1. <str_vec> %destructor uses delete on malloc-ed pointers

The shared destructor at bison_parser.y#L147-L154 covers <str_vec> together with <table_vec>, <column_vec>, etc., and calls delete ptr on each element. <str_vec> elements are char* produced by the lexer via strdup() (unquoted IDENTIFIER) or hsql::substr() (quoted IDENTIFIER, also malloc-backed). Mixing free/delete is undefined behavior. Under tcmalloc with -fsized-deallocation, sized operator delete(void*, size_t) trusts the static type size (1 for char) and returns the chunk to the wrong size-class freelist; after enough mismatched frees an unrelated allocation segfaults.

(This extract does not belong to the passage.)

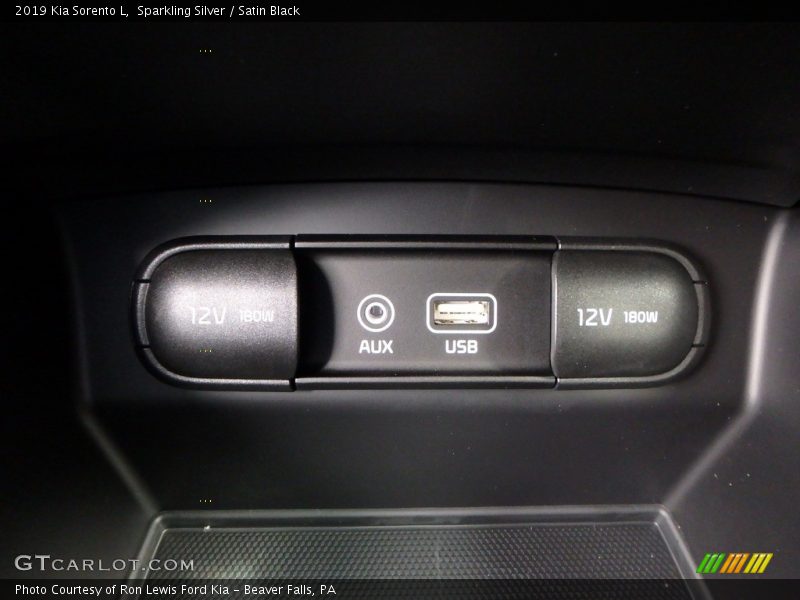 Sparkling Silver / Satin Black 2019 Kia Sorento L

This is the same bug already fixed upstream in hyrise/sql-parser#221 (Oct 2022). This fork was branched before that PR landed and never resynced.

AddressSanitizer flags it cleanly:

ERROR: AddressSanitizer: alloc-dealloc-mismatch (malloc vs operator delete)
    #0 operator delete(void*)
    #1 yydestruct                bison_parser.y:156
    #2 hsql_parse
    ...
allocated by:
    #0 __interceptor_strdup
    #1 hsql_lex                  flex_lexer.l:250

2. DELTA is a dead reserved keyword

%token DELTA is declared (and listed in sql_keywords.txt#L95 and flex_lexer.l#L128) but referenced by no grammar rule. The lexer therefore tokenizes delta as DELTA and the parser has nowhere to consume it, so any SQL using delta as an identifier (notably pgbench's pgbench_history.delta) fails to parse - which is precisely what triggers the destructor cleanup path that exhibits bug #1.

Fix

  • Split the <str_vec> destructor out of the shared block and use free() for its elements. Keep delete for the other vector types (which hold new'd objects).
  • Drop DELTA from sql_keywords.txt, bison_parser.y (%token declaration), and flex_lexer.l (lexer rule).
  • Regenerate the committed bison_parser.{cpp,h} and flex_lexer.{cpp,h} accordingly. (This accounts for the bulk of the diff — the hand-written changes are small.)

Tests

test/regression_tests.cpp adds:

  • DeltaIsAValidIdentifier - INSERT INTO pgbench_history (tid, bid, aid, delta) VALUES (1, 2, 3, 4) parses to a valid InsertStatement with delta as the fourth column.
  • RepeatedFailedInsertParseDoesNotCorruptHeap - runs an INSERT whose column list contains a still-reserved keyword 1000× to exercise the destructor cleanup path. Under ASAN this catches the regression on the very first iteration; in release builds it serves as a smoke test.

Verified:

  • make test: all 87 grammar tests + 12 unit tests + 2 new regression tests pass.
  • valgrind memory-leak check clean.
  • Grammar conflict check clean.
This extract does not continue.